Most over the counter orthotics make big and false claims that they are able treat a variety of foot pathologies. However, without understanding the root cause of the foot pathology, long-term effective symptom relief is hard to achieve and can cause pain at other lower limb sites.
Additionally, in a clinical setting not everyone would benefit from an orthotic device, for example, heel pain patients. Depending on the patient’s medical history and results of diagnostic imaging; footwear advice, laser therapy, shockwave therapy or steroid injection therapy may be more beneficial for this patient.
Likewise, not everyone with a flat foot would require orthotics. If it is congenital, non-painful and a patient is able to carry out all their daily and sporting activities without problems, no intervention may be required.
Why are diabetics at higher risk of developing foot problems?
Diabetes causes the level of sugar in your blood to be higher than normal. Over time, elevated blood sugar levels damage your blood vessels and nerves, causing nerve damage and numbness referred to as diabetic neuropathy.

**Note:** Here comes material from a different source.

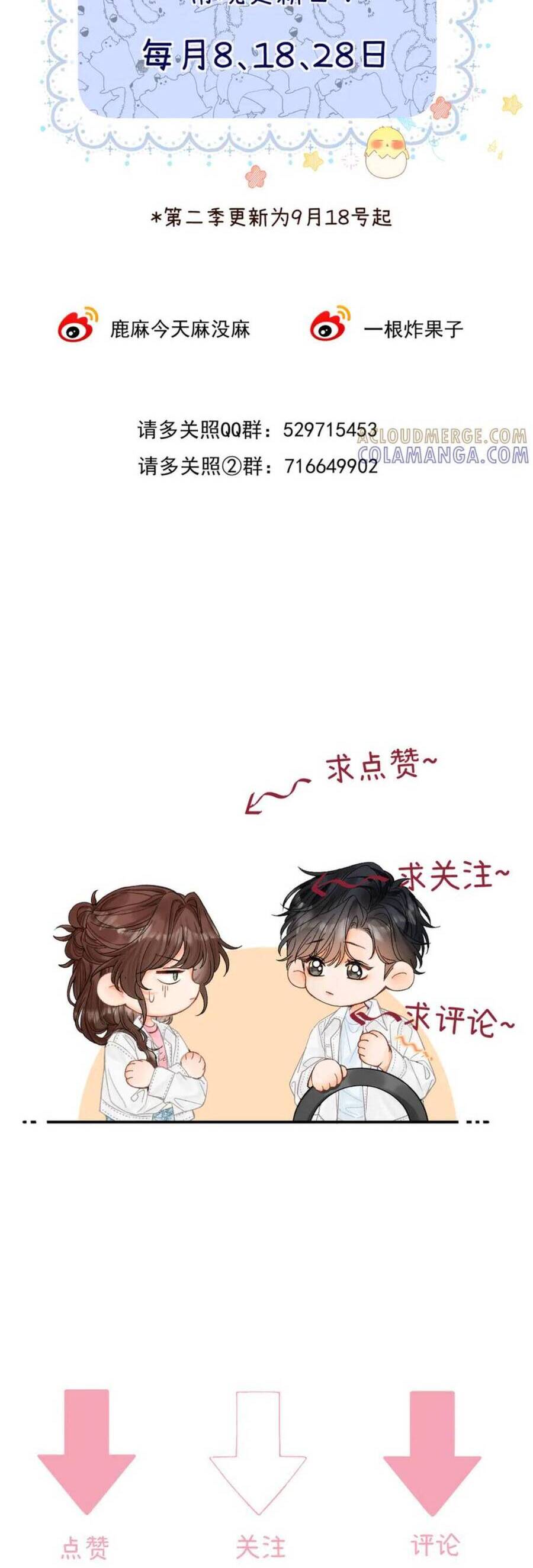 Thỉnh Đa Loan Chiếu: Chapter 30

Minor wounds can progressively worsen, forming ulcers without the person knowing because impaired circulation causes an inability to feel. This subsequently increases the risk of infection and amputation.
What’s your view on general footwear today? And what contribution, if any, do you think it has made to foot and ankle health?

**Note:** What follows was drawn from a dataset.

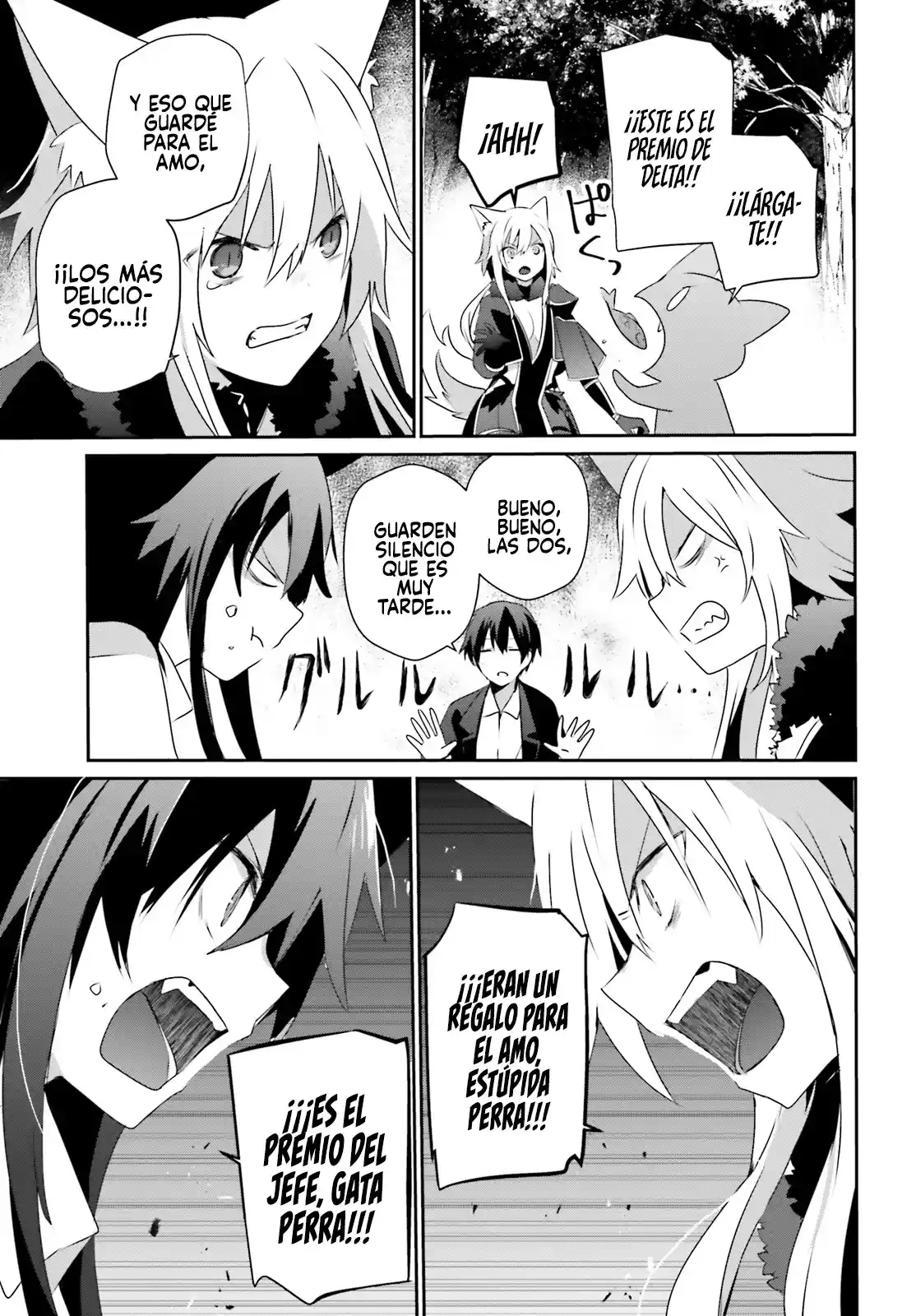 Kage No Jitsuryokusha Ni Naritakute - Capítulo 56 - Página 14 - LectorTMOo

There is greater variety of available footwear today, with ‘sensible’ shoes becoming less of a taboo choice. The footwear industry has finally understood the importance of ‘sensible’ footwear which is appealing to customers. Ill-fitting footwear is still the greatest contributor to foot pain and deformity. There is still a lot of work to do around educating patients on what to look for in a ‘good’ shoe. Patients are trying to buy shoes that claim to be ‘supportive’ or ‘wide fitting’ but are let down by retailers making unscrupulous claims when actually the shoe is not fit for purpose. I published an article in the Journal of Footwear Science in 2015 called Footwear Mismatch – Do we wear the correct sized shoes? The research found that 15% of subjects wore shoes that were too big for their feet whilst 35% wore shoes that were too small. The average volume of the subject’s feet was considerably higher than the available volume in the shoe. Within each shoe size category there was a significant difference in the internal shoe length.
Should endurance athletes, such as runners, pay attention to their foot and ankle health more than most? If so, why are they at risk?

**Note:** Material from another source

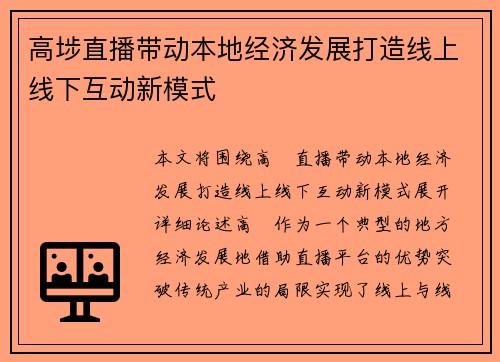高埗直播带动本地经济发展打造线上线下互动新模式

The simplest way to answer this is by thinking about tissue stress. If healthy tissue, such as tendons are abnormally or excessively loaded or stressed, they will eventually dysfunction. Dysfunction can present itself as pain or weakness which would then hinder the athlete’s ability to perform efficiently. So, if a runner has very tight calf muscles and does not stretch effectively, the likelihood of obtaining an Achilles tendon injury will increase. Likewise, if an athlete trains in ill-fitting or unsupportive trainers, the ability of the trainer to absorb shock or impact is reduced and the stress applied to the foot anatomy increases, resulting in pain or injury.
How will the new addition of gait analysis to Chiltern Wellbeing Clinic help with diagnosis?
Gait analysis forms a crucial part of a biomechanical examination where our podiatrists quantifiably determine how efficiently your body moves when walking or running. Asymmetries or abnormalities in our foot strike and loading pattern can cause joint, muscle, ligament, or tendon soreness further up the body in the ankle, knee, hip and back. This assessment allows us to identify these issues and tailor your treatment plan to get you walking, running, or competing pain free, whilst offering the best advice to reduce the risk of future injuries.
We also use the gait analysis system to analyse plantar foot pressures in diabetic patients to ascertain if they have any areas of their feet under high and abnormal load which could increase the risk of a wound occurring at that site. This is repeated every year as part of the patients’ diabetic foot assessment. This technology improves the accuracy of diagnosis and enables the formulation of a robust treatment plan.